_What the task asks_
The line containing "de nombreux seaux" marks the end: copy exactly every line from the start of the records below up to and including it, leaving out pictures.

Entries shown START

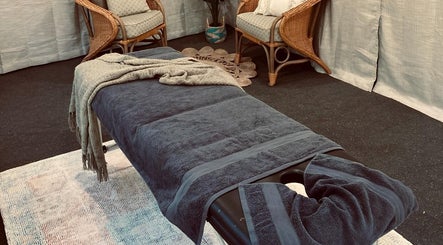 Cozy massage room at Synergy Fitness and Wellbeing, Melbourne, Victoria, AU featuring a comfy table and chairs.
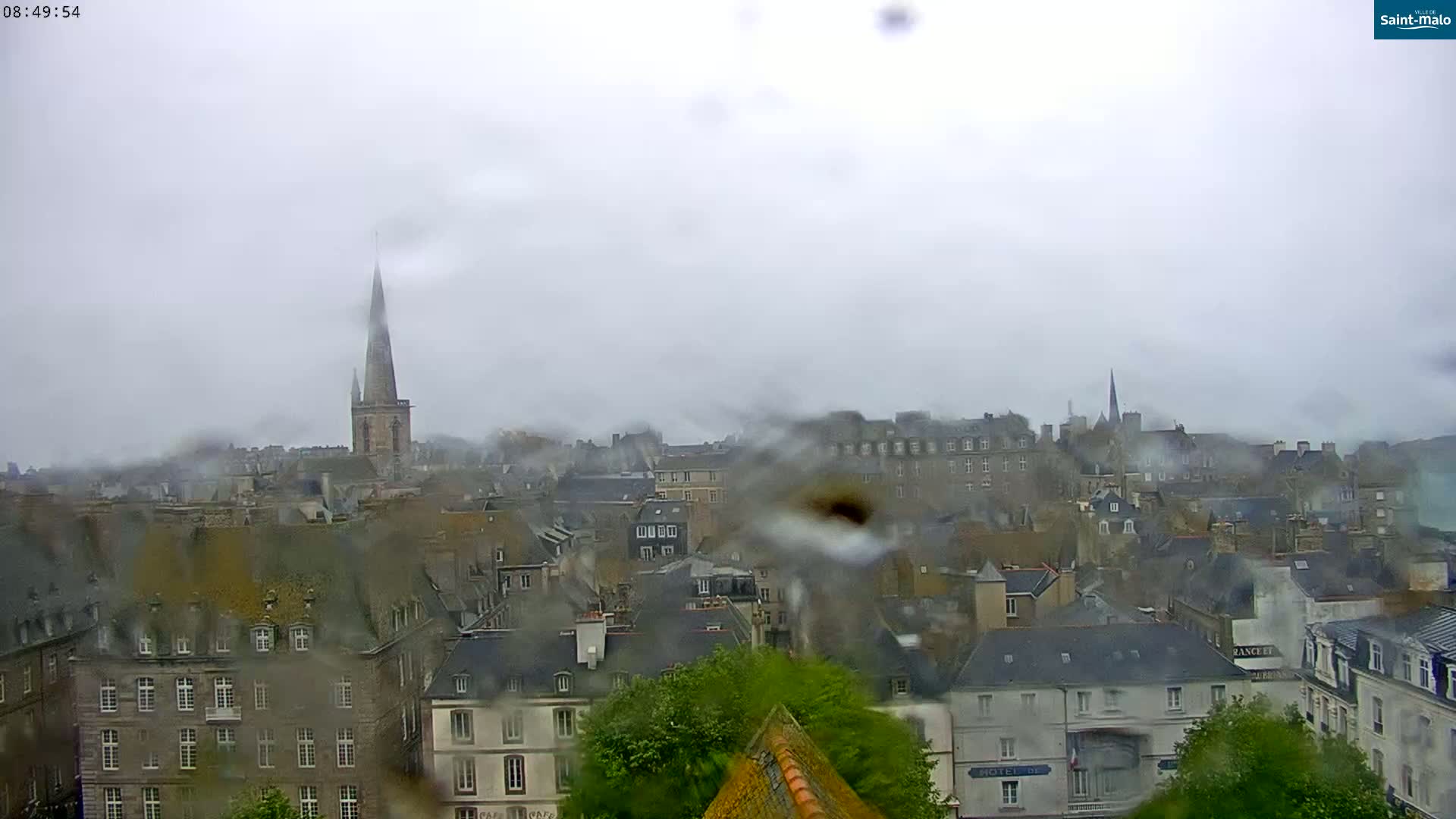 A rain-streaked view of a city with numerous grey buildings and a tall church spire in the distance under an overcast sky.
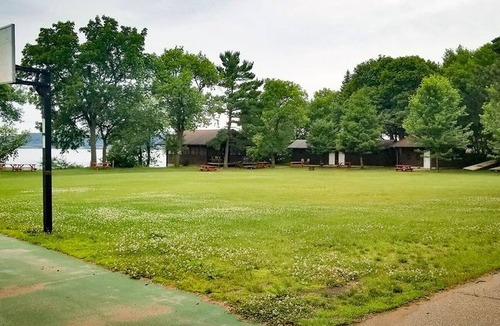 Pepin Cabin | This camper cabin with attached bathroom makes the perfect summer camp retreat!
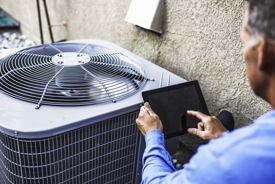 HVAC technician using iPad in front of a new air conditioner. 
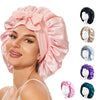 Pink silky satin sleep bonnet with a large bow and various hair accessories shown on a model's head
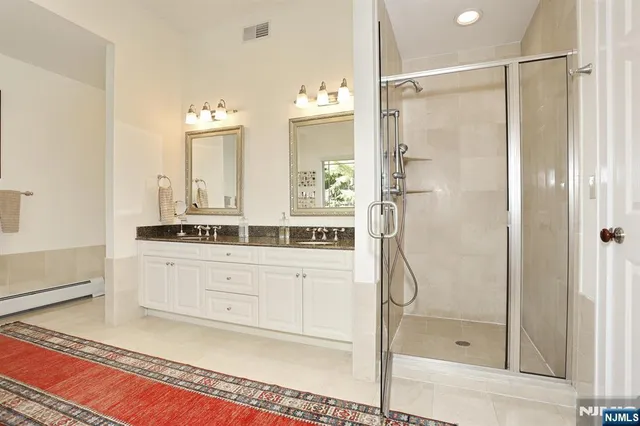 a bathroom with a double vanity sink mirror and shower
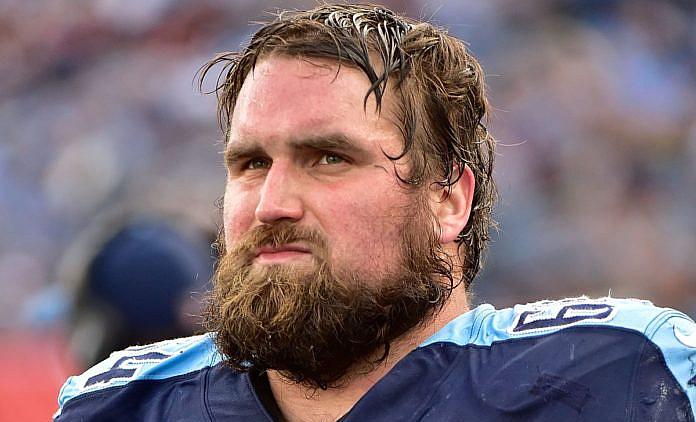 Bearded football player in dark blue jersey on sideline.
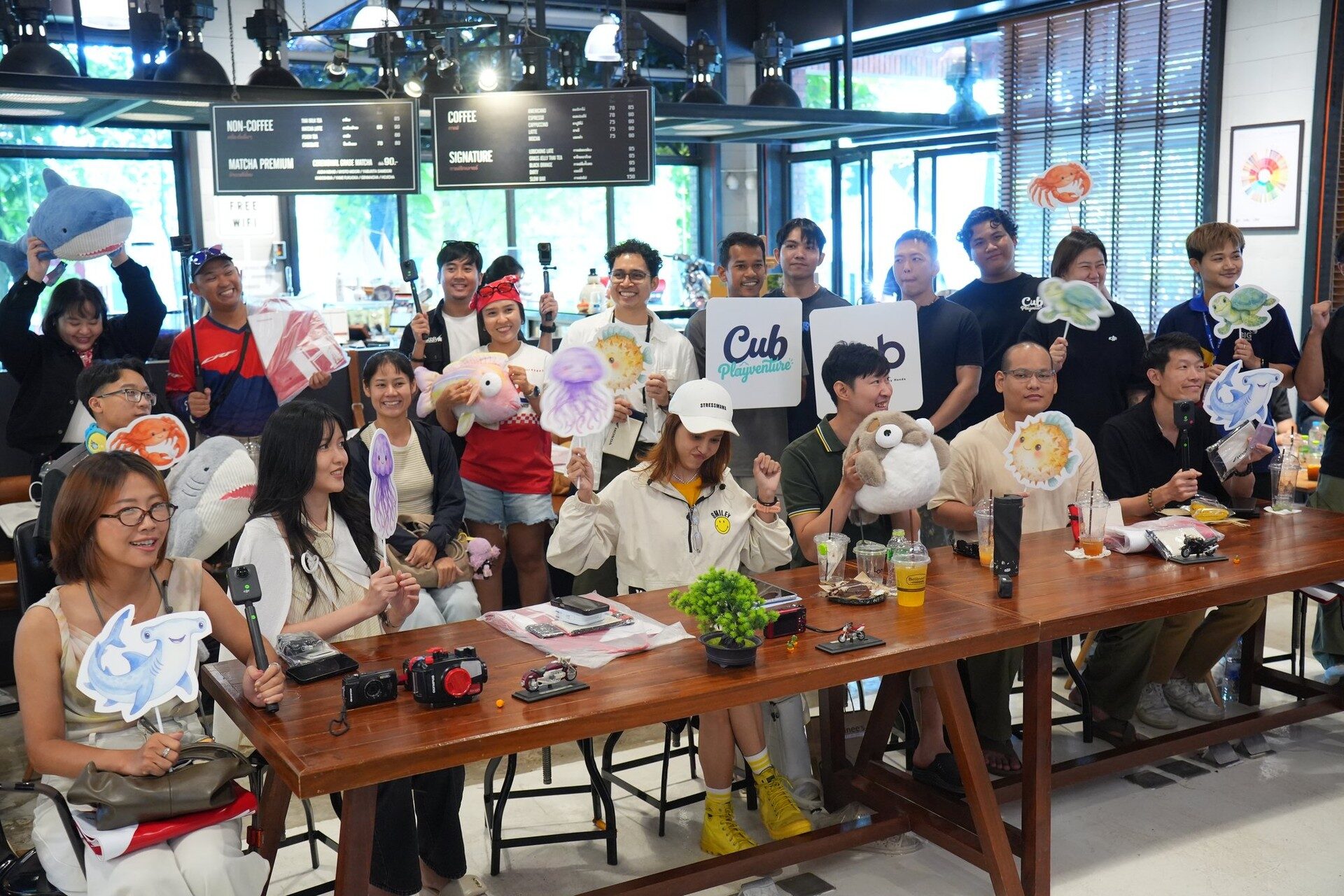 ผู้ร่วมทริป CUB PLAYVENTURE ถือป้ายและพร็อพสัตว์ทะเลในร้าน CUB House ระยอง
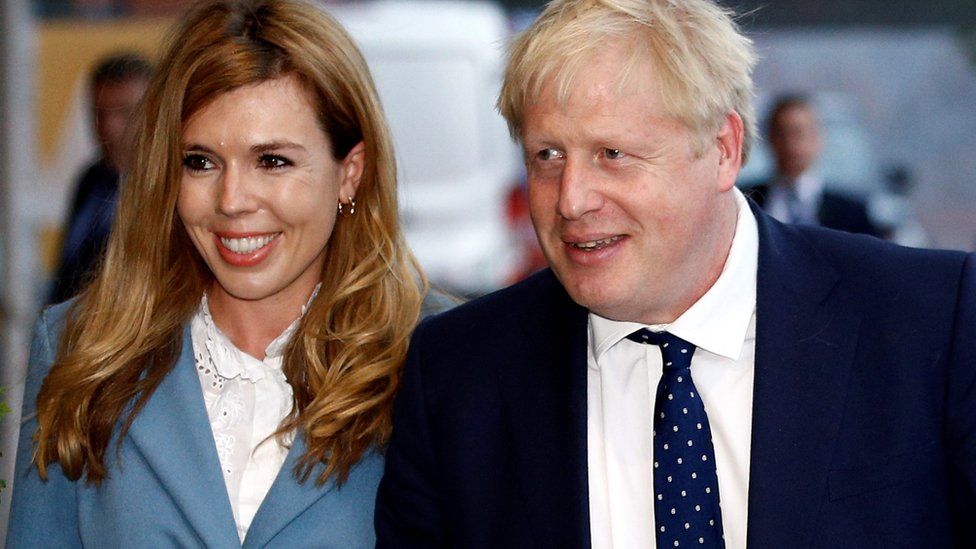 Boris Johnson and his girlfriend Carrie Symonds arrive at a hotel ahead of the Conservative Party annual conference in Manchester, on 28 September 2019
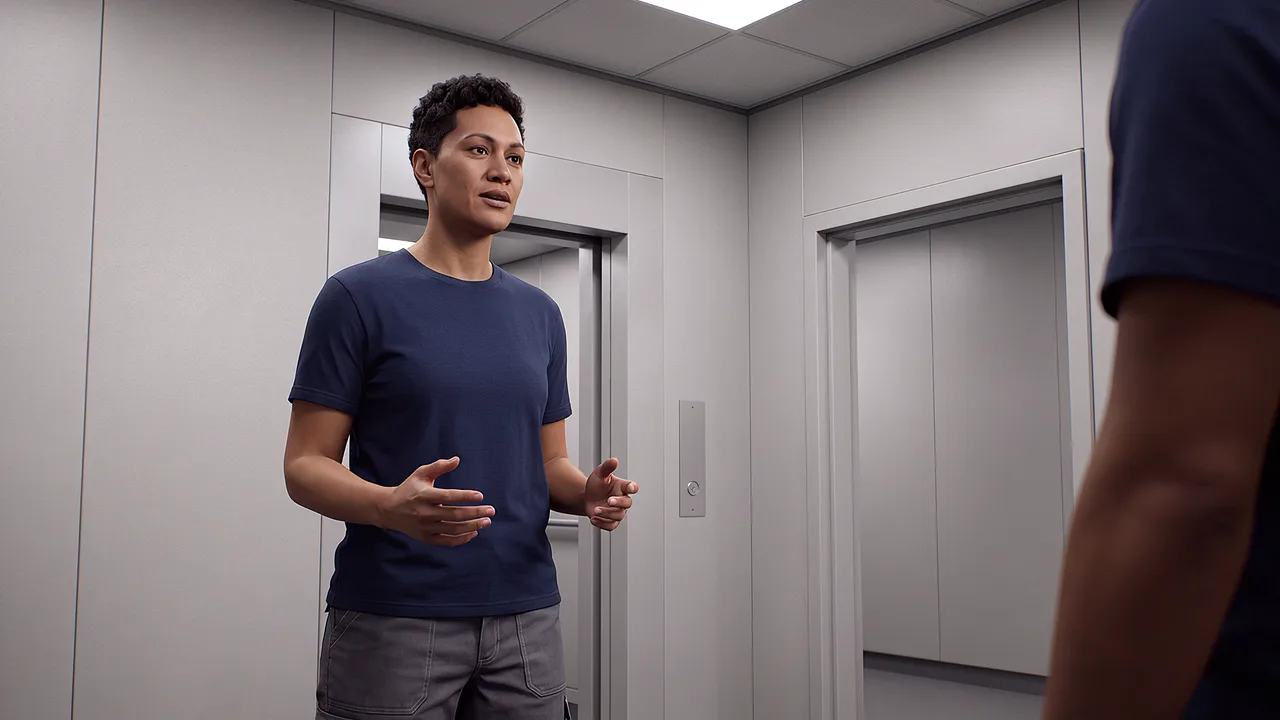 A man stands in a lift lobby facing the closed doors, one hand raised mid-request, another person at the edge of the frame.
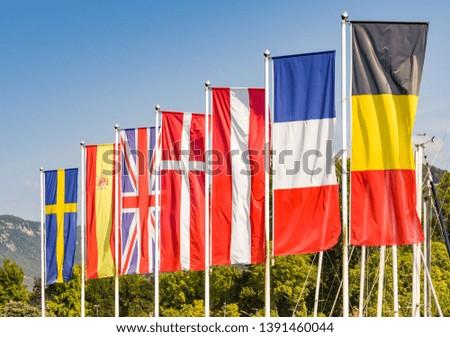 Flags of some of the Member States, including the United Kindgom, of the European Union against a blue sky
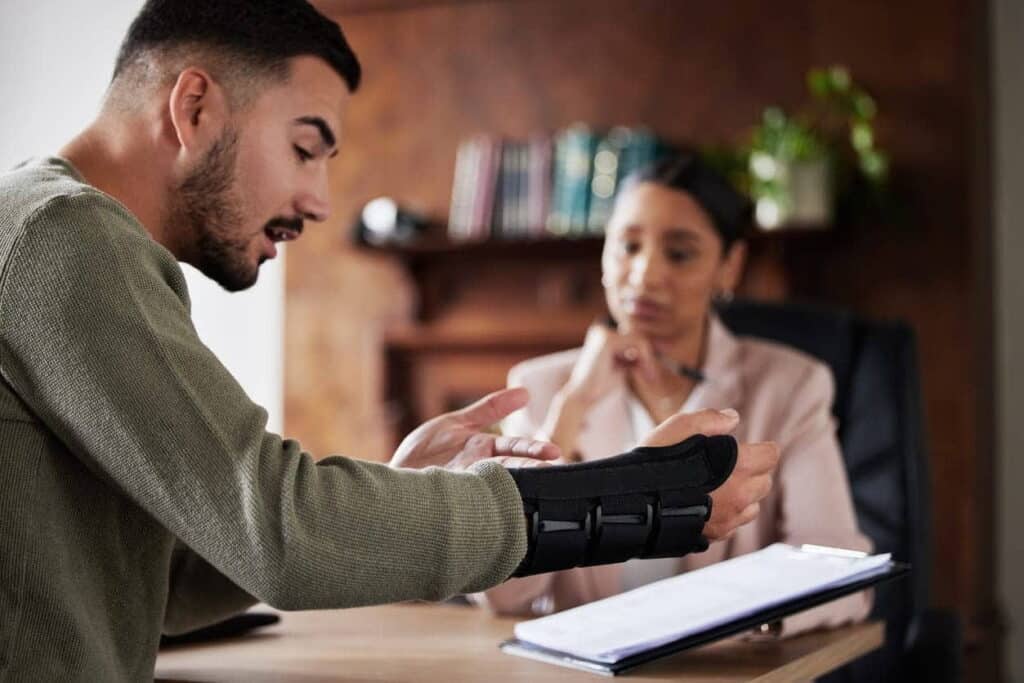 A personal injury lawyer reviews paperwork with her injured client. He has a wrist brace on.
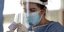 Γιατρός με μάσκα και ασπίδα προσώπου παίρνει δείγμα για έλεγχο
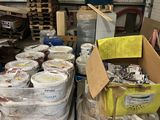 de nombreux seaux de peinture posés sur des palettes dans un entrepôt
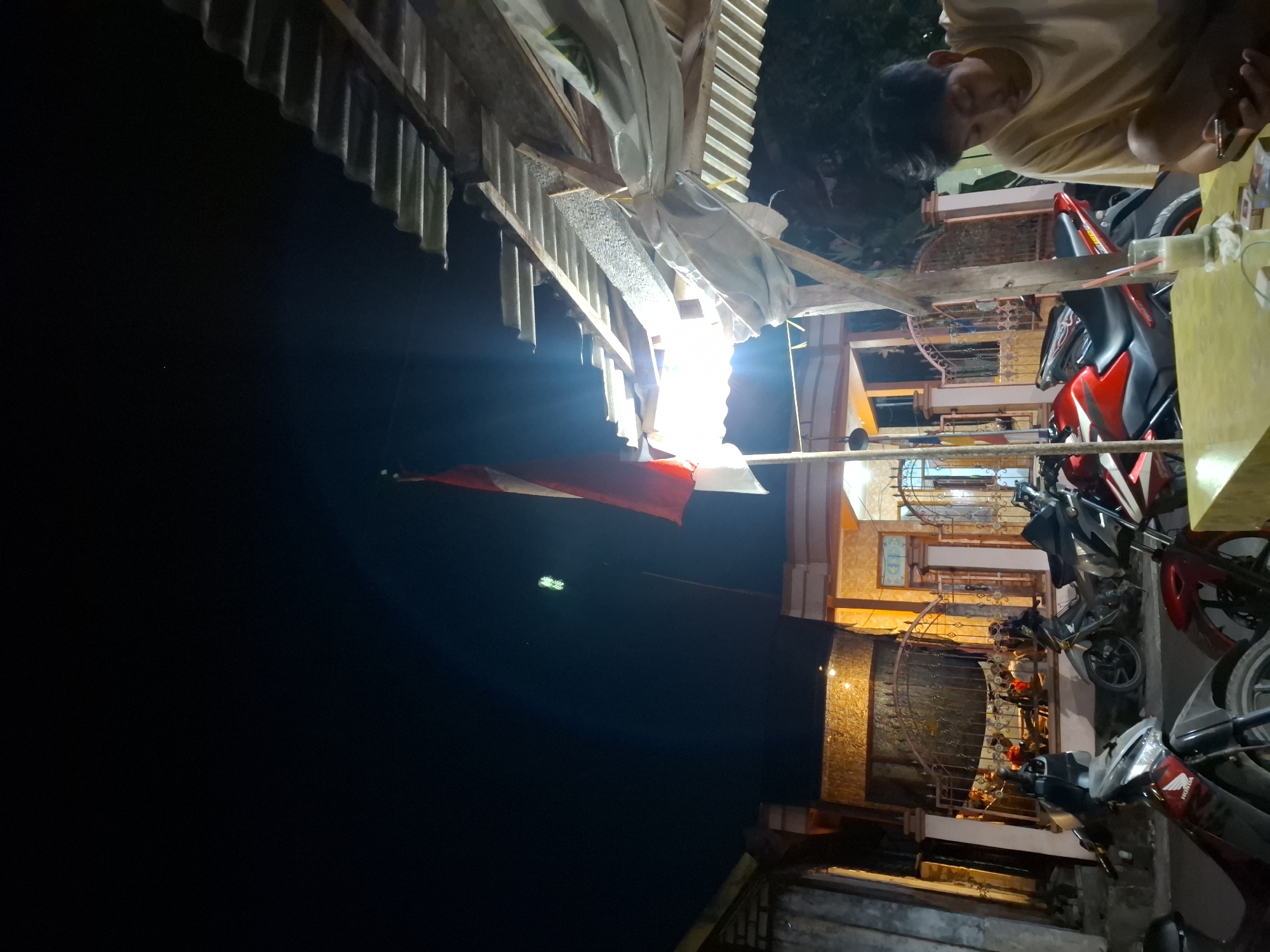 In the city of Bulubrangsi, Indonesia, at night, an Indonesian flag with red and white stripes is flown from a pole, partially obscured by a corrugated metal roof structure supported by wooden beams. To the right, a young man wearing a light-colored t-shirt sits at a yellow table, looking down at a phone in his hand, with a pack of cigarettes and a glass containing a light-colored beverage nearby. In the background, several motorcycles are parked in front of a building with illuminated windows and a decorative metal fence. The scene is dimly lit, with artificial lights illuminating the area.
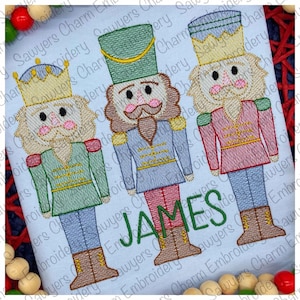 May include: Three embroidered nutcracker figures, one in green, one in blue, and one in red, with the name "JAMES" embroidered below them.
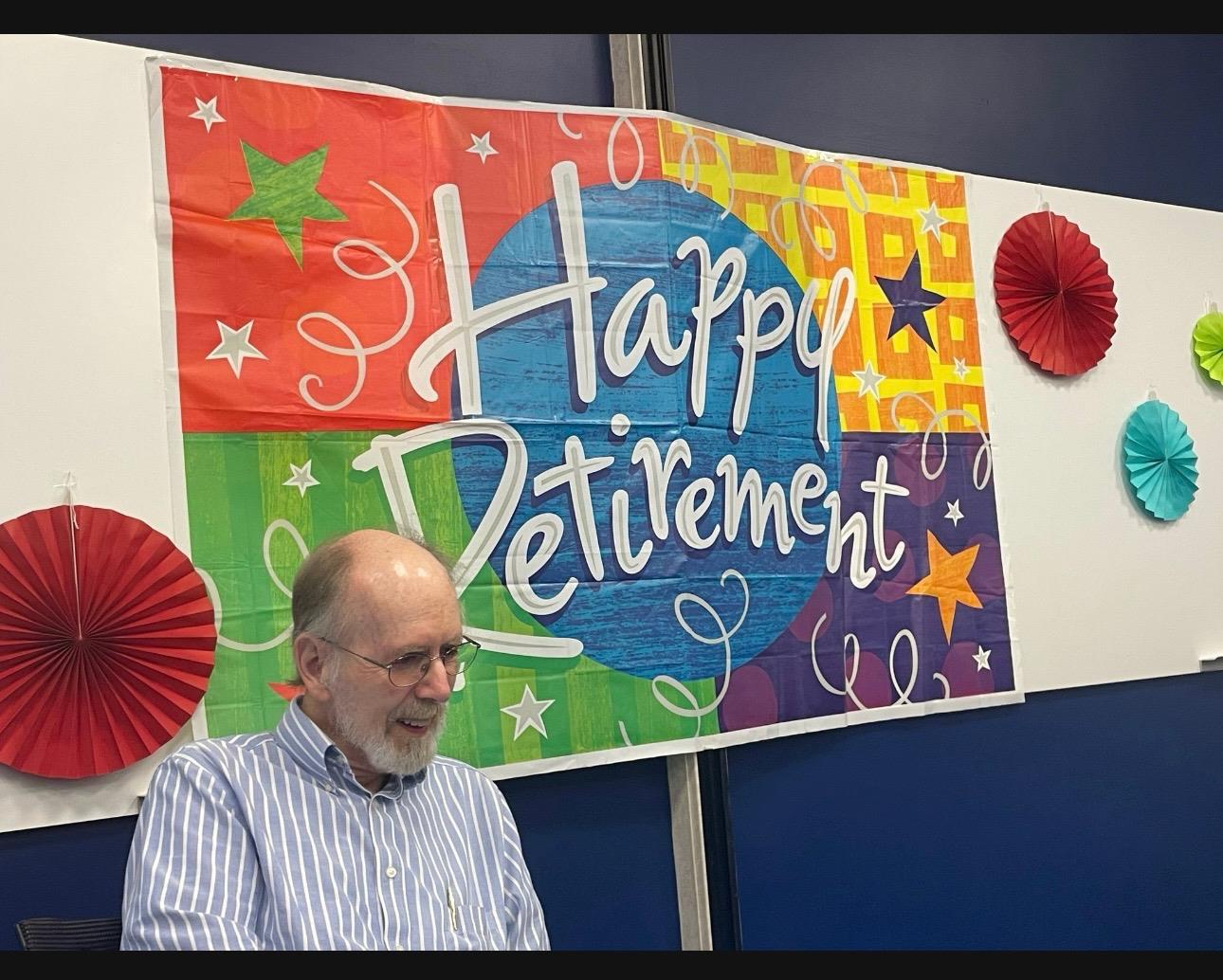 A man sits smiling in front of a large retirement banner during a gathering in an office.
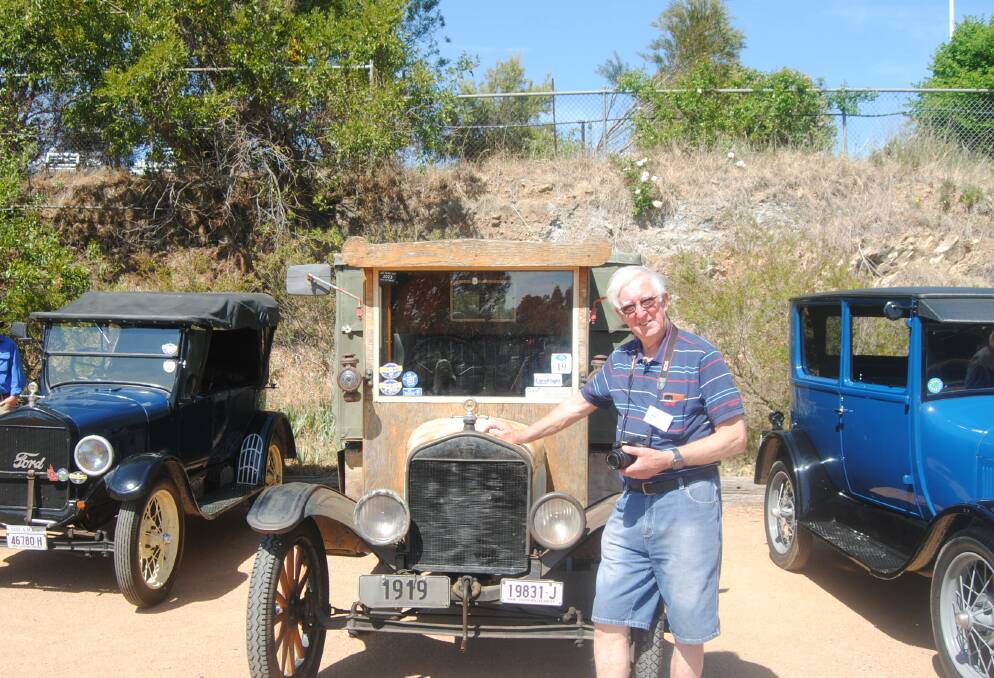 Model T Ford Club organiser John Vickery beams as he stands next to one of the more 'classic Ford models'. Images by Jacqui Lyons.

Entries shown END

_Answer to this problem_
 Cozy massage room at Synergy Fitness and Wellbeing, Melbourne, Victoria, AU featuring a comfy table and chairs.
 A rain-streaked view of a city with numerous grey buildings and a tall church spire in the distance under an overcast sky.
 Pepin Cabin | This camper cabin with attached bathroom makes the perfect summer camp retreat!
 HVAC technician using iPad in front of a new air conditioner. 
 Pink silky satin sleep bonnet with a large bow and various hair accessories shown on a model's head
 a bathroom with a double vanity sink mirror and shower
 Bearded football player in dark blue jersey on sideline.
 ผู้ร่วมทริป CUB PLAYVENTURE ถือป้ายและพร็อพสัตว์ทะเลในร้าน CUB House ระยอง
 Boris Johnson and his girlfriend Carrie Symonds arrive at a hotel ahead of the Conservative Party annual conference in Manchester, on 28 September 2019
 A man stands in a lift lobby facing the closed doors, one hand raised mid-request, another person at the edge of the frame.
 Flags of some of the Member States, including the United Kindgom, of the European Union against a blue sky
 A personal injury lawyer reviews paperwork with her injured client. He has a wrist brace on.
 Γιατρός με μάσκα και ασπίδα προσώπου παίρνει δείγμα για έλεγχο
 de nombreux seaux de peinture posés sur des palettes dans un entrepôt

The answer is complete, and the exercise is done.